E0901 14:00:29.384611       1 controller.go:317] controller/kubeadmcontrolplane "msg"="Reconciler error" "error"="[cannot get remote client... 
... 
I0911 14:00:29.382055       1 controller.go:553] etcd polling results 
[1.2.3.4: true, 
 1.2.3.5: false, 
 1.2.3.6: true
], 
 failures: 1

Current output

I0901 14:00:29.382055       1 round_trippers.go:553] GET https://10.180.81.244:6443/api?timeout=10s  in 10000 milliseconds
E0901 14:00:29.382397       1 controller.go:188] controller/kubeadmcontrolplane "msg"="Failed to update KubeadmControlPlane Status" "error"="failed to create remote cluster client: error creating client and cache for remote cluster: error creating dynamic rest mapper for remote cluster \"default/tkg-vc-antrea\": Get \"https://10.180.81.244:6443/api?timeout=10s\": net/http: request canceled while waiting for connection (Client.Timeout exceeded while awaiting headers)" "cluster"="tkg-vc-antrea" "name"="tkg-vc-antrea-control-plane" "namespace"="default" "reconciler group"="controlplane.cluster.x-k8s.io" "reconciler kind"="KubeadmControlPlane"
E0901 14:00:29.384611       1 controller.go:317] controller/kubeadmcontrolplane "msg"="Reconciler error" "error"="[cannot get remote client to workload cluster: error creating client and cache for remote cluster: error creating dynamic rest mapper for remote cluster \"default/tkg-vc-antrea\": Get \"https://10.180.81.244:6443/api?timeout=10s\": net/http: request canceled while waiting for connection (Client.Timeout exceeded while awaiting headers), failed to create remote cluster client: error creating client and cache for remote cluster: error creating dynamic rest mapper for remote cluster \"default/tkg-vc-antrea\": Get \"https://10.180.81.244:6443/api?timeout=10s\": net/http: request canceled while waiting for connection (Client.Timeout exceeded while awaiting headers)]" "name"="tkg-vc-antrea-control-plane" "namespace"="default" "reconciler group"="controlplane.cluster.x-k8s.io" "reconciler kind"="KubeadmControlPlane"
I0901 14:00:29.385855       1 round_trippers.go:553] GET https://10.180.80.169:6443/?timeout=5s 200 OK in 3 milliseconds
I0901 14:00:29.388442       1 controller.go:251] controller/kubeadmcontrolplane "msg"="Reconcile KubeadmControlPlane" "cluster"="tkg-vc-antrea" "name"="tkg-vc-antrea-control-plane" "namespace"="default" "reconciler group"="controlplane.cluster.x-k8s.io" "reconciler kind"="KubeadmControlPlane"

Detailed Description

[A clear and concise description of what you want to happen.]

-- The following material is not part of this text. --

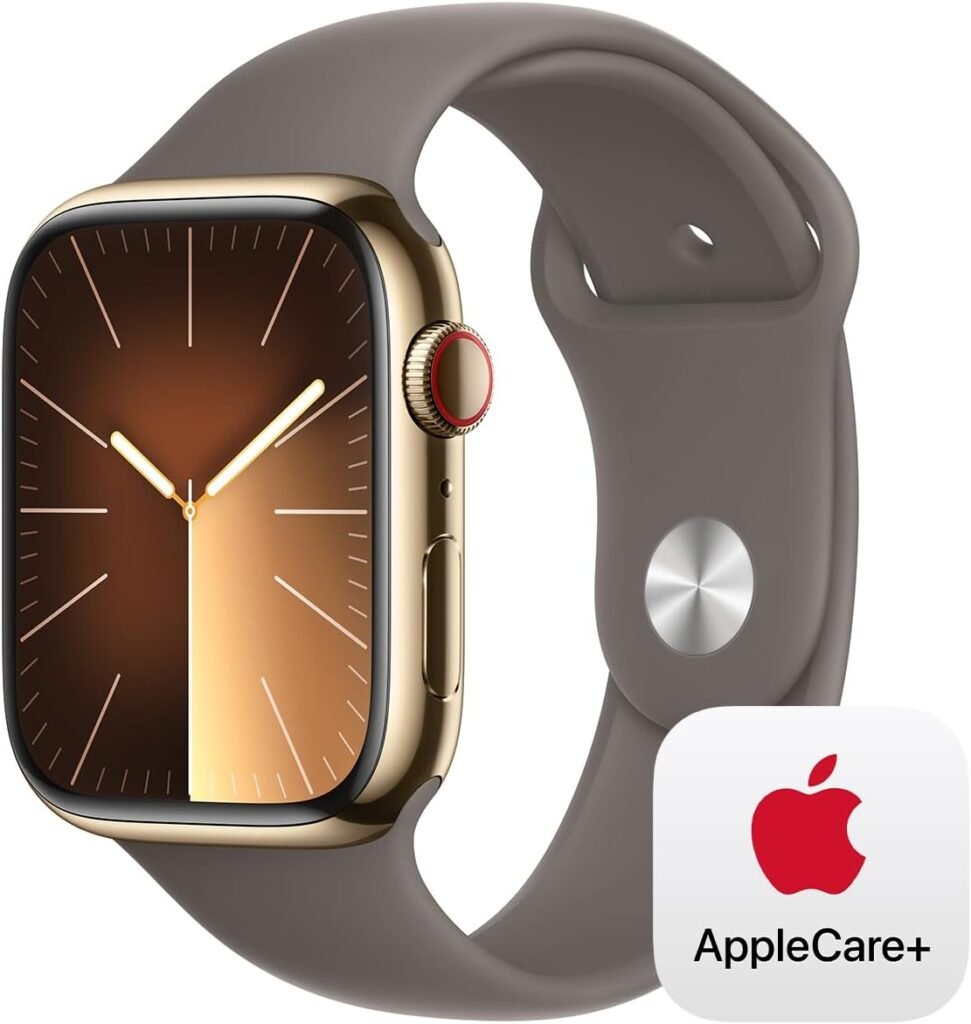 Apple Watch Series 9 [GPS + Cellular 45mm] Smartwatch with Gold Stainless Steel Case with Clay Sport Band S/M with AppleCare+ (2 Years)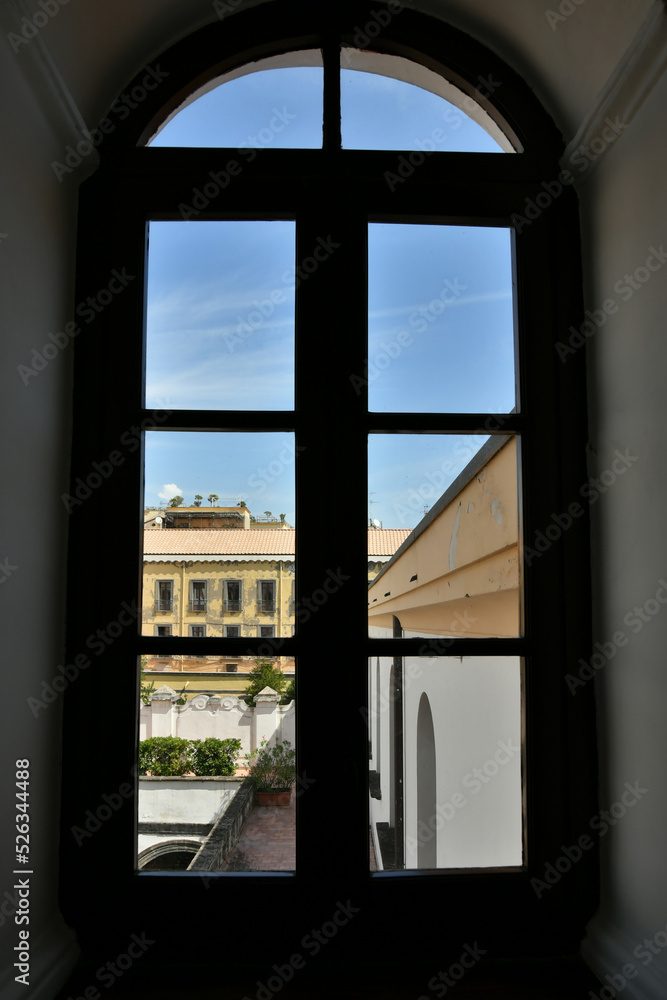 Fototapeta premium A window of the church of Santa Maria la Nova, now a museum, in Naples, Italy.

Anything else you would like to add:

[Miscellaneous information that will assist in solving the issue.]

/kind feature

The text was updated successfully, but these errors were encountered:

killianmuldoon · 2022-09-01T14:20:01Z

Would it be better to raise a metric for this instead? Using logs to capture metrics seems like a strange approach.

jayunit100 · 2022-09-01T14:26:20Z

... logs work in small clusters that dont have full blown monitoring . in my case, that is likely the norm as opposed to the exception.

but i guess a conditions rollup of metadata work ?,... especially in cases of 1000s of clusters... dont want to rely on dashboards for everything.
just being able to see something in realtime about how capi->etcd connectivity is doing at scale , quickly, without needing dashboard access etc, is what im realling looking for.

maybe we can capture in a prometheus metric and just print the metric out :)

fabriziopandini · 2022-09-06T11:14:29Z

I understand that not small clusters don't have full-blown monitoring, but at the same time I don't think we should build into our controllers/API a system to count failures across different reconcile because this comes with some immediate drawbacks

it requires some persistent state to ensure counters survive controller restarts
if we use existing API objects as API state, this will impact the system performance (a reconcile triggered in many controllers as soon as we increase the counters)
if we use some other sort of persistent storage, it will impact how we deploy things/add more constraints

Accordingly, I'm +1 to address this using metrics

sbueringer · 2022-09-06T11:33:32Z

+1 Sounds reasonable.

Apparently there is an integration between grpc and Prometheus and etcd has an example on how to combine them for the etcd client: https://github.com/etcd-io/etcd/blob/main/tests/integration/clientv3/examples/example_metrics_test.go

jayunit100 · 2022-10-25T01:04:13Z

it doesnt require persistent state really, its just a heuristic. and a really its just a small hashtable at that :), and i dont think it needs to be perfect.

But "metrics" is fine to - ok if we just "print" the metrics histogram out periodically ? Then everyone wins :)

sbueringer · 2022-11-04T08:51:19Z

But "metrics" is fine to - ok if we just "print" the metrics histogram out periodically ? Then everyone wins :)

To be honest, printing metrics really sounds like an anti-pattern to me.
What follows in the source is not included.